──────── Extracted entries
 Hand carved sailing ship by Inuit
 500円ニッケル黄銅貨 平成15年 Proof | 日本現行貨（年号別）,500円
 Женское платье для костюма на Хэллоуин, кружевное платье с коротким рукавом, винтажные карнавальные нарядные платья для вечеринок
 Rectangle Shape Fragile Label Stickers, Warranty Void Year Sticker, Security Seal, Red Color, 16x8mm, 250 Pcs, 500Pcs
────────────────
──────── Extracted entries
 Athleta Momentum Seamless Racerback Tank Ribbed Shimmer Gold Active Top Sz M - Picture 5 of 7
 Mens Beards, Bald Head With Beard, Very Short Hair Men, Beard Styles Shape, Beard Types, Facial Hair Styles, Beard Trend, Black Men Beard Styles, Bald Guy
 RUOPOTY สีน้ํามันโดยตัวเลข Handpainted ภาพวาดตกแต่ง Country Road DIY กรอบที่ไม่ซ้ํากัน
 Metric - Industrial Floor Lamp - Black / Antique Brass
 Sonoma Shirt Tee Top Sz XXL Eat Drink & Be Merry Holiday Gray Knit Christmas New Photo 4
────────────────
Retype only the lines above between the line with "Athleta Momentum Seamless" and the line with "Sonoma Shirt Tee", counting those two lines as well, and keep every character as it is.

■ **Expected answer**
 Athleta Momentum Seamless Racerback Tank Ribbed Shimmer Gold Active Top Sz M - Picture 5 of 7
 Mens Beards, Bald Head With Beard, Very Short Hair Men, Beard Styles Shape, Beard Types, Facial Hair Styles, Beard Trend, Black Men Beard Styles, Bald Guy
 RUOPOTY สีน้ํามันโดยตัวเลข Handpainted ภาพวาดตกแต่ง Country Road DIY กรอบที่ไม่ซ้ํากัน
 Metric - Industrial Floor Lamp - Black / Antique Brass
 Sonoma Shirt Tee Top Sz XXL Eat Drink & Be Merry Holiday Gray Knit Christmas New Photo 4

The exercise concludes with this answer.